Bu yaratılış yalnızca maddi bedeni değil, ayrıca duyguları, düşünceleri ve enerjileri de kapsar. Bu çeşitli mücessemleşme düzeyleri dört elementte özetlenmiştir. Ruh hâlâ mükemmeldir; kutsaldır ve Rabbine yakındır. Ancak şimdi örtülü ve gizlenmiştir. Fakat Allah(c.c) ruhla birlikte, her bir bireyin yeryüzü ile gökler arasında bir bağlantı olmasını sağlayan Esma-i İlahiyi de gönderdi.

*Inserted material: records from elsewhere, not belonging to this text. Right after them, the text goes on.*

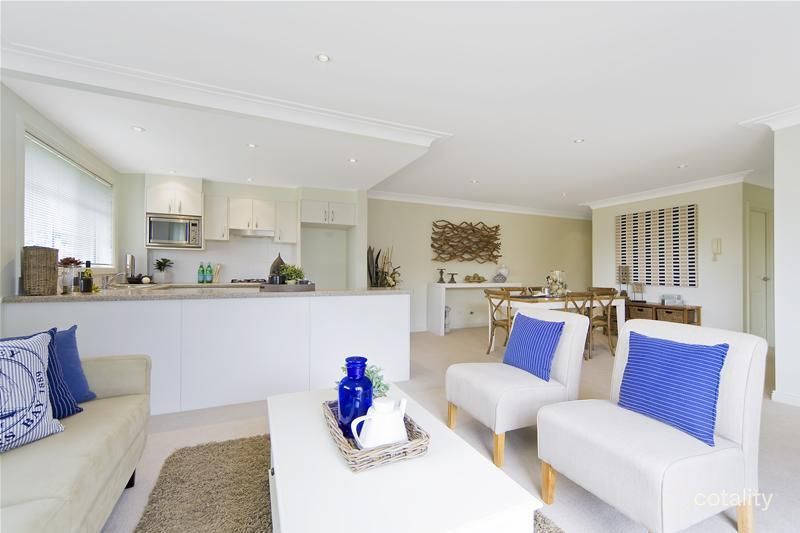 19/134-138 Ocean St, Narrabeen, NSW 2101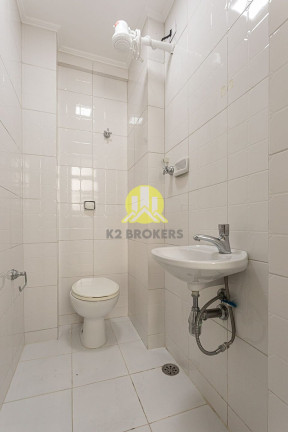 Imagem Apartamento com 2 Quartos à Venda, 89 m² em Jardim Paulista - São Paulo Imagem Apartamento com 2 Quartos à Venda, 89 m² em Jardim Paulista - São Paulo
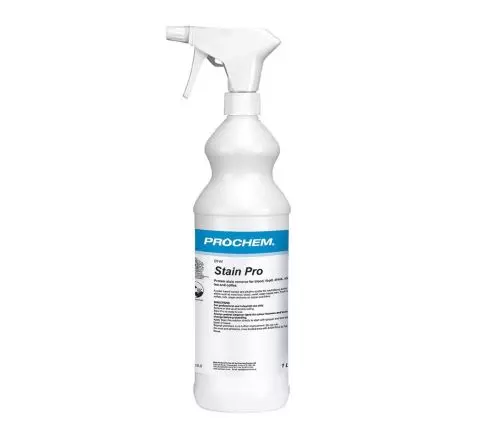 Prochem Cleaning Products, Chemicals & Equipment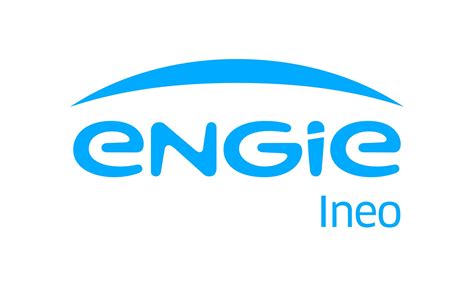 INEO Engie Infrastructures Idf à Valenton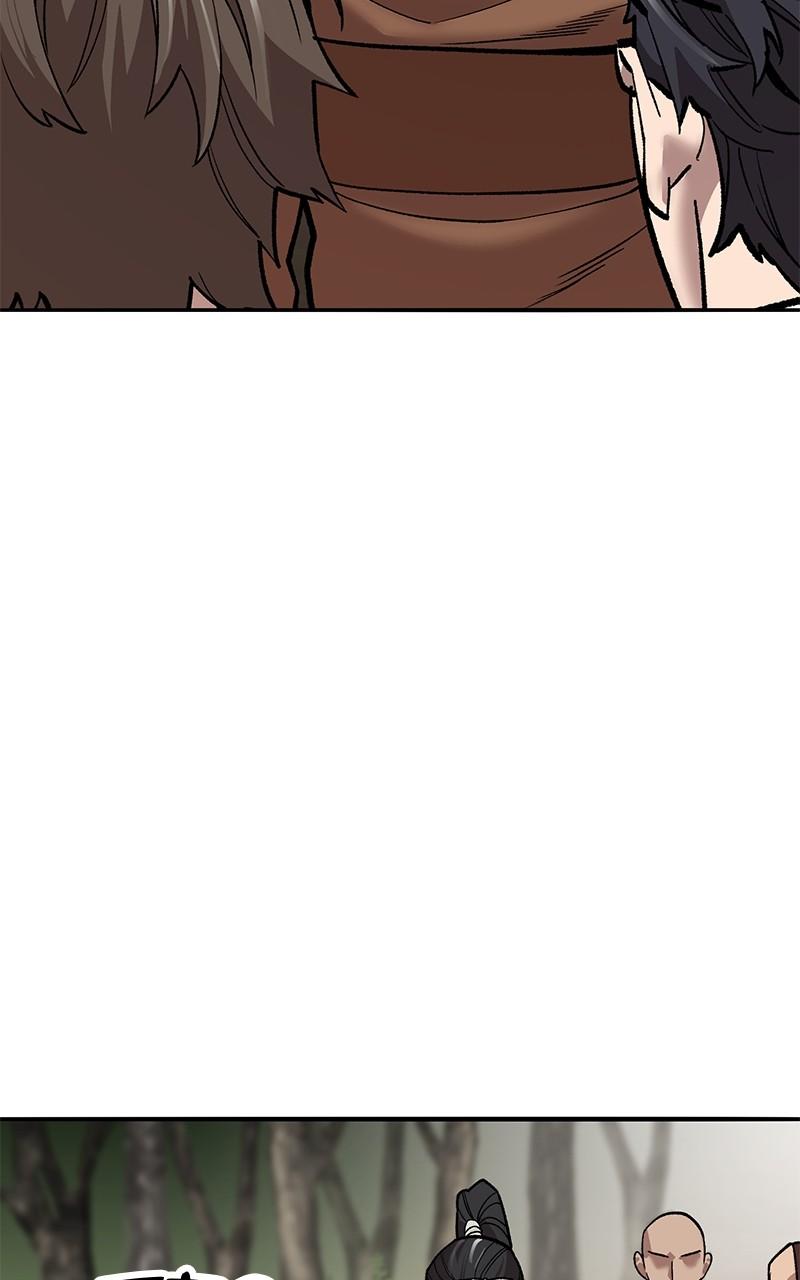 Limit Breaker Chap 121 - Next Chap 122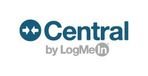 LogMeIn Central - Endpoint Management Software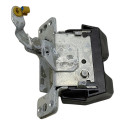 Fechadura Porta Malas Gm Agile 2011 2012 2013 2014 2015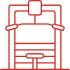 Designing Your Machine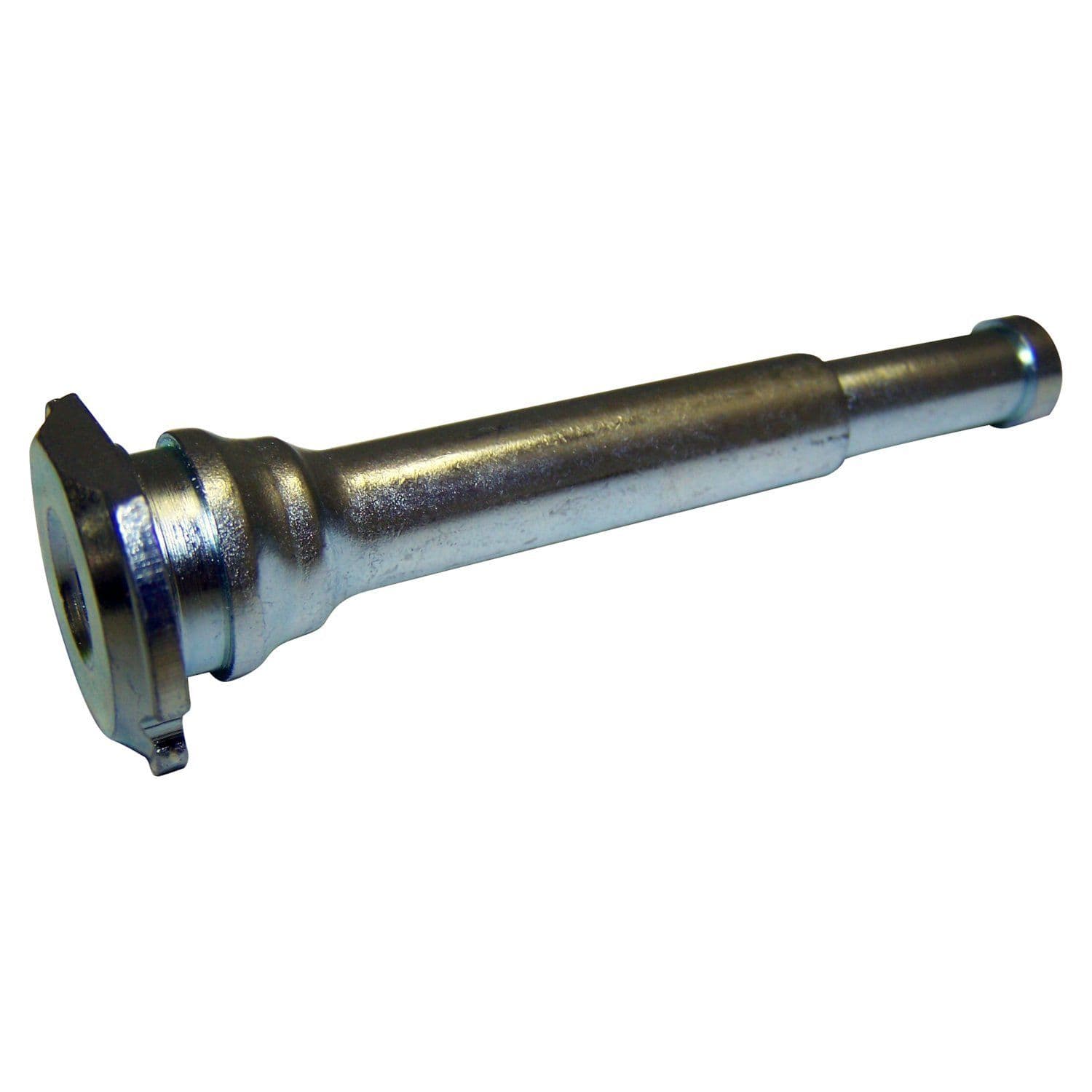 3540-5143697AA - Image 1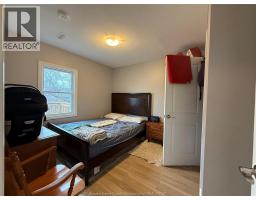 485 AYLMER - 17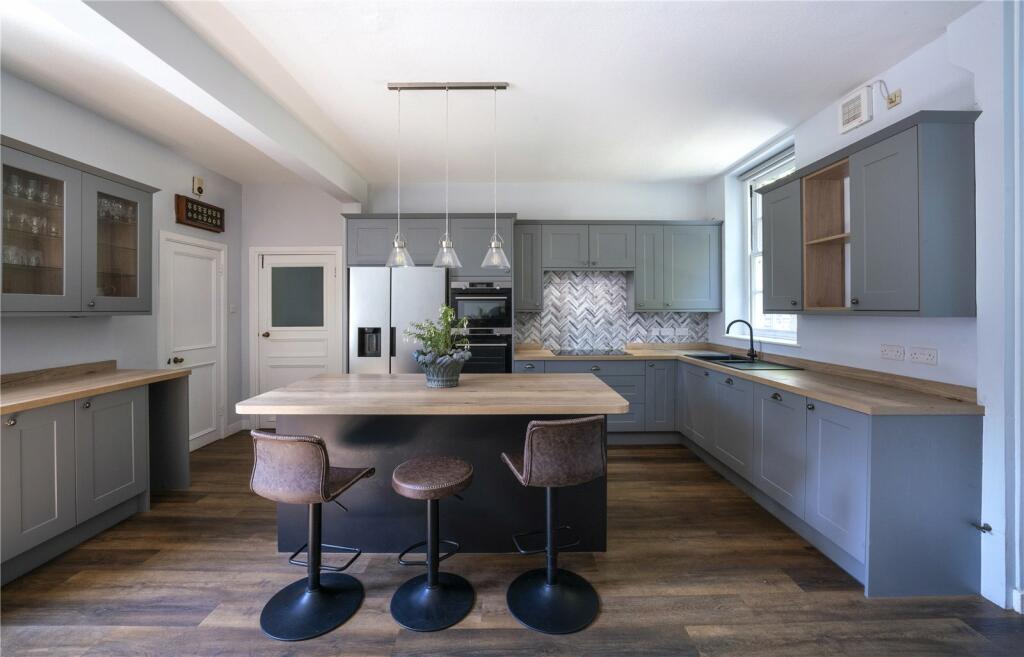 Additional image 6 of Garnet Drive, Eastbourne, BN20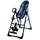 Teeter EP950 Inversionstisch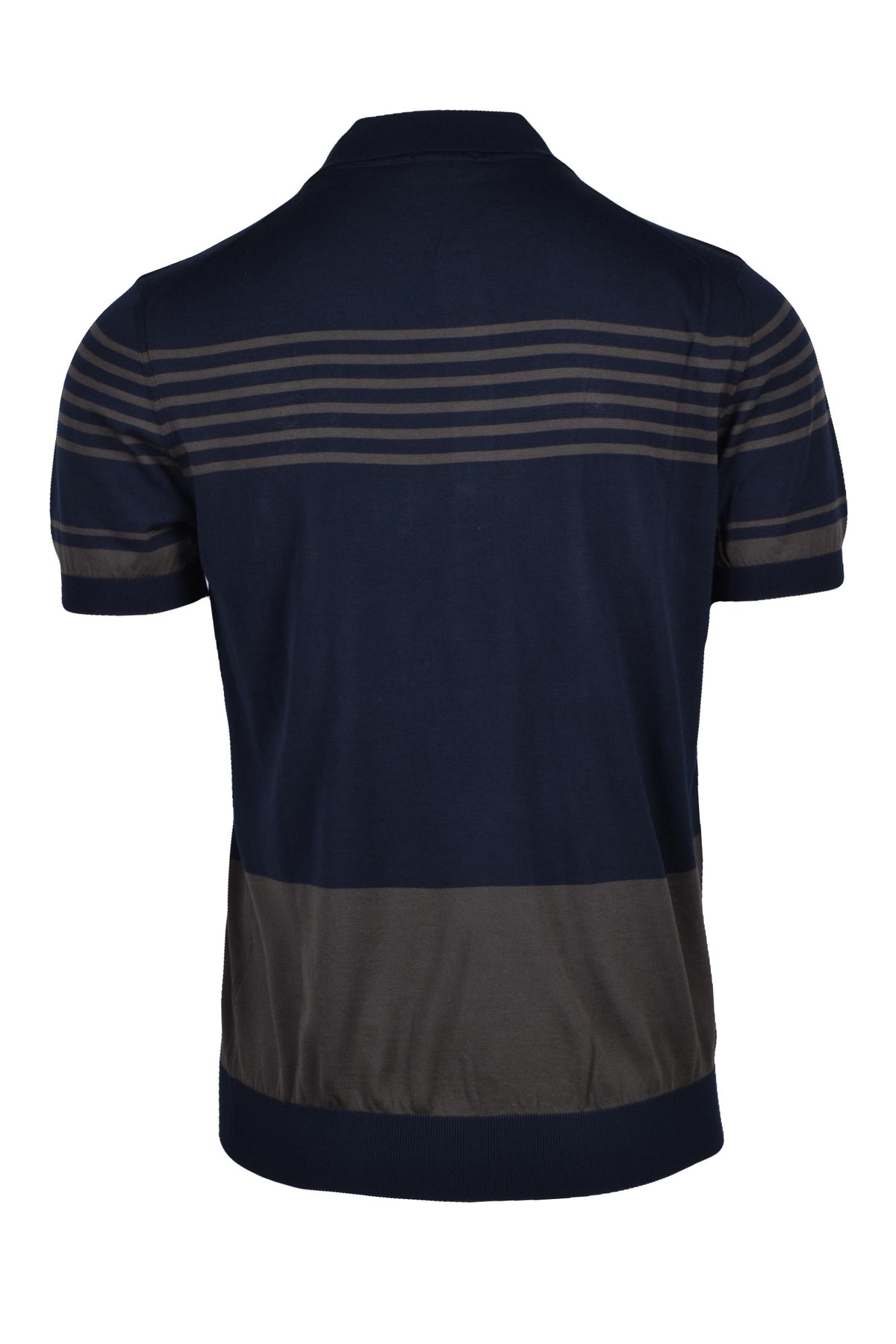 DRUMOHR - KNITWEAR AND SWEATSHIRTS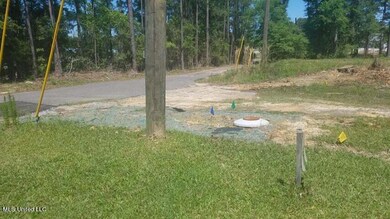 Road 233 Access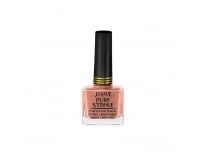 Jaquline USA Pure Stroke Nail Enamel 10ml: Entrancing| Chip Resistant | Luminous Finish | Breathable | Vegan Friendly | Flawless Application | Quick-Drying | Non-Toxic | Ethanol-Free Rs. 56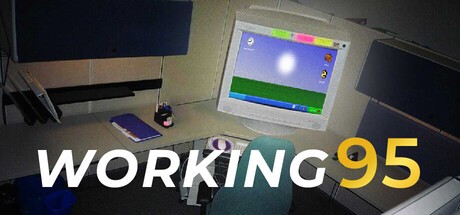Games like Working95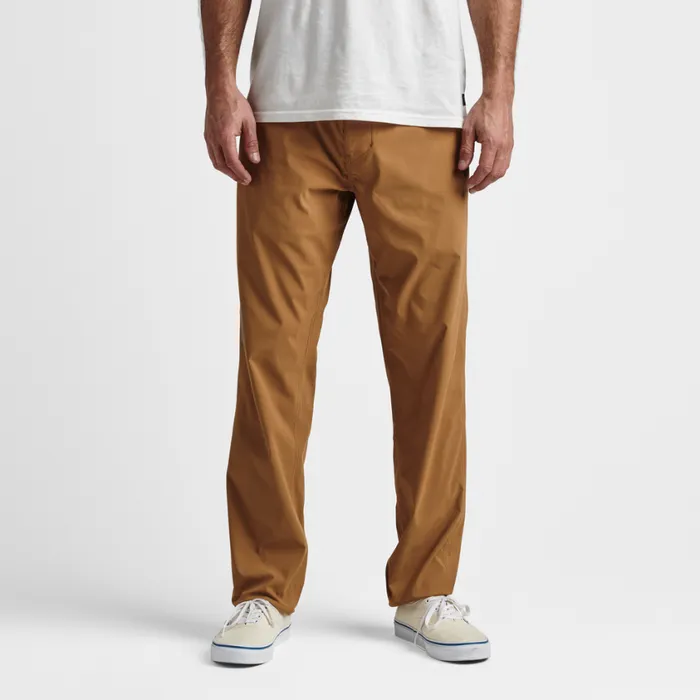 Pants Men Roark Campover Trail Pants Pignoli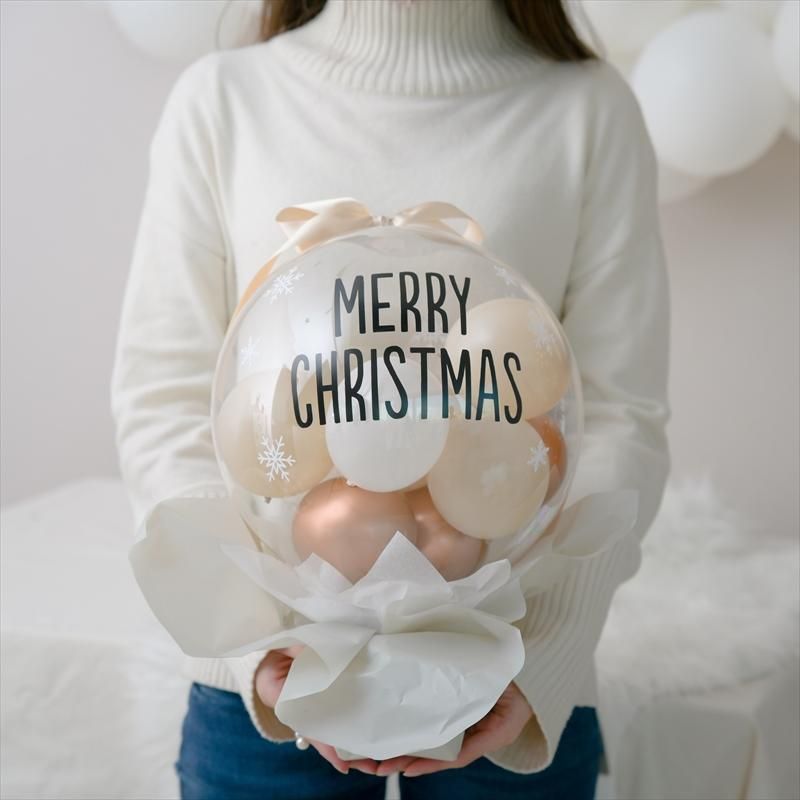 バルーンギフト　卓上用 楽天市場】バルーンギフト 卓上の通販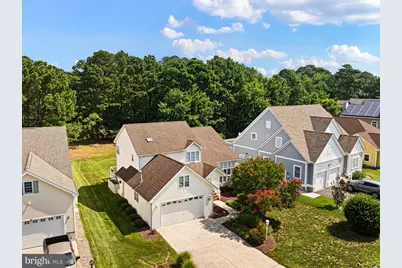 486 Bethany Loop, Bethany Beach, DE 19930 - Photo 4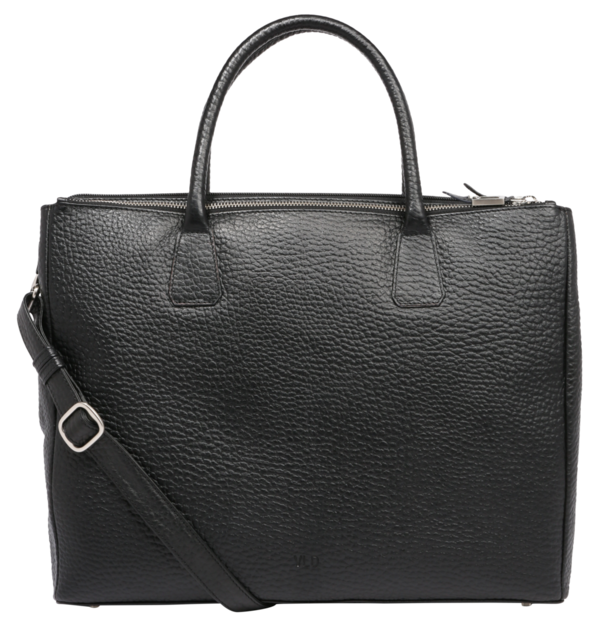VOi Leather Design NARA Leder Business Tasche 15"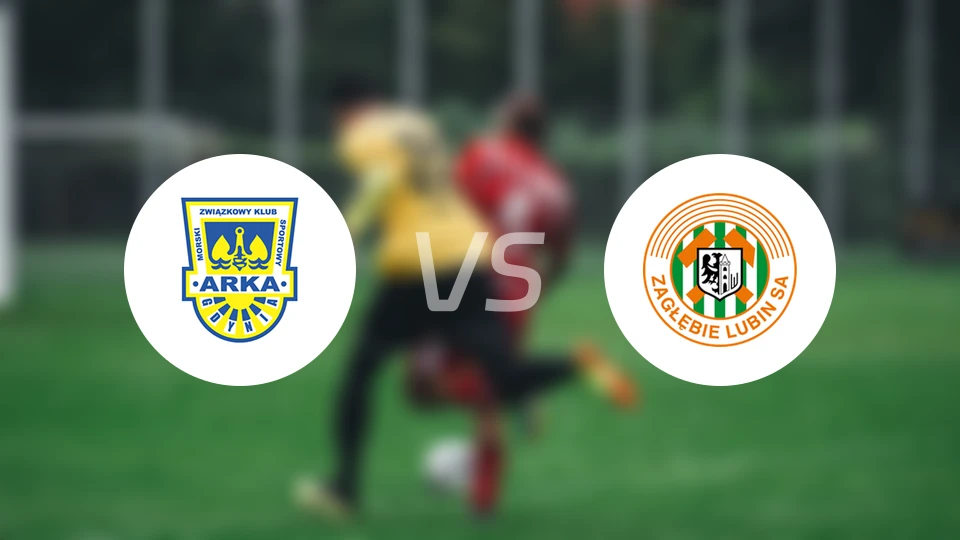 阿尔卡vs卢宾比分预测【2026/04/08】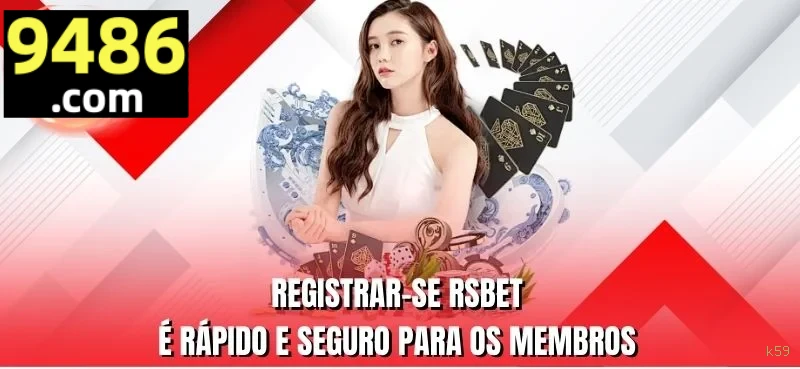Roleta e blackjack k59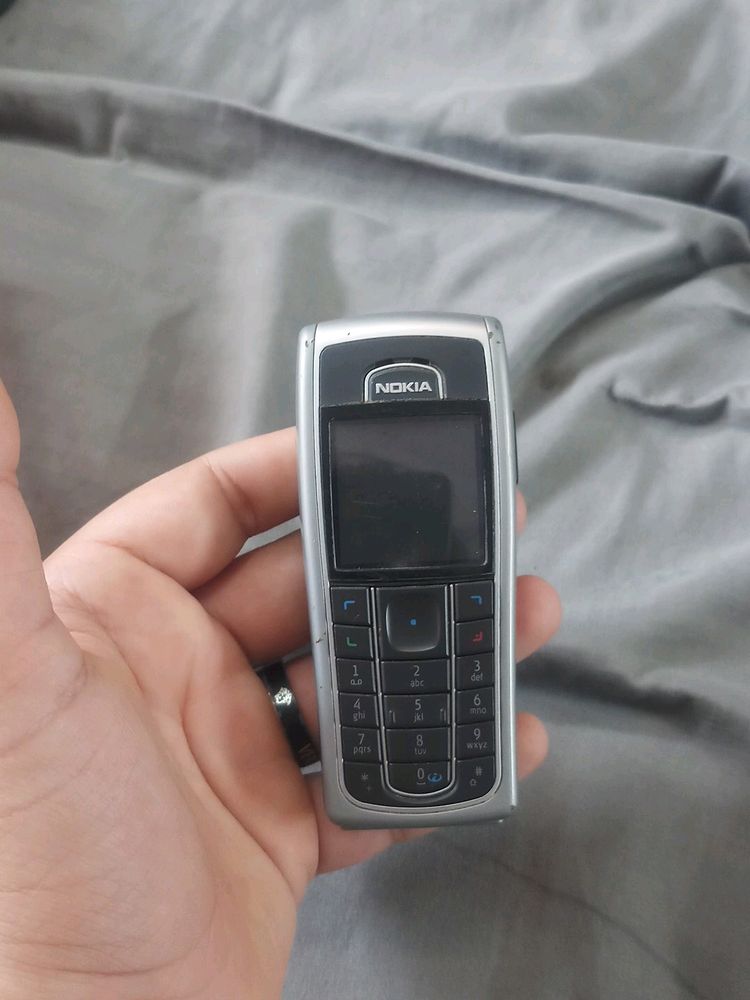 Nokia Phone Good CONDITION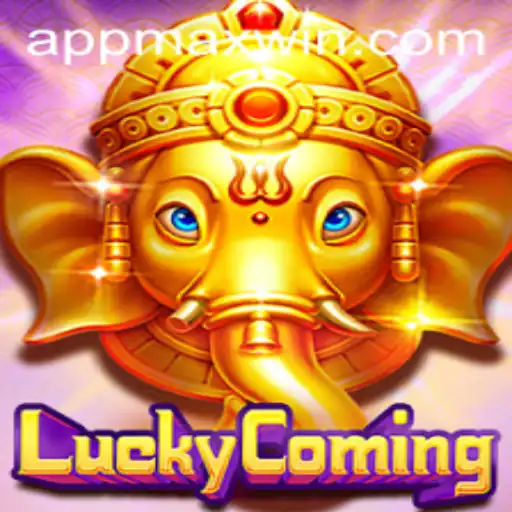 Mastering the Exciting Realm of LuckyComing: Unlocking the Secrets to Maxwin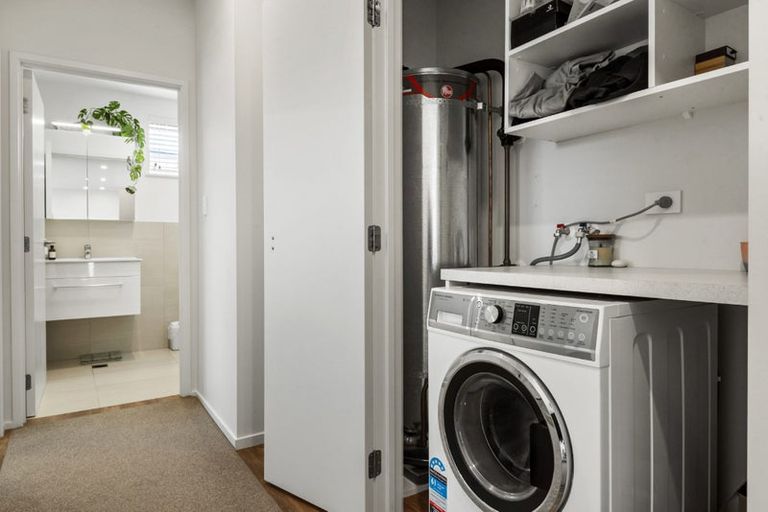 Photo of property in 102/38b Fraser Avenue, Northcote, Auckland, 0627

Maalesef maddiyata büründüğümüz zaman, o içimizdeki sırdan bihaber hale geldik. Maddi varlıklar olarak bu fani dünyaya ait eşyaya derinden bağlandığımız zaman, bu Esma-i İlahi’yi yansıtamaz olduk.

Ancak Allah (c.c) bize ayrıca, kil çömleği kırıp, bu orijinal idrak düzeyine ulaşmamız için aletler verdi. Bu aletler akıl ve cüz-i iradedir. Akıl bize doğruyu yanlıştan ayırma yeteneği kazandırır. İrade ise doğru fiili seçme kapasitesi kazandırır. Hepimiz bu iradeye sahibiz; ancak çok azımız onu yeterince kullanırız. Temel prensip basittir. Hz. Peygamber’in (asm) buyurduğu gibi “Helal ve sağlıklı olanı yap; haram ve sağlıksız olandan kaçın ve eğer emin değilsen emin olana kadar yapma.” Özünde çok basit olan bu prensip, irademiz yeterince güçlü olmadığı için çok karmaşık bir hale gelmektedir. Genellikle ne yapacağımızı biliriz, ancak onu yapmayız; o zaman ego egemen olur ve kendimize bahaneler buluruz.

(Frager Robert, Kalp, Nefs ve Ruh, Sayfa 36, 37.)
[1] Bu materyal Şeyh Tosun Bayrak el-Cerrahi’nin yayınlanmamış Türkçe eserinden bir çeviri/adaptasyondan adapte edilmiştir.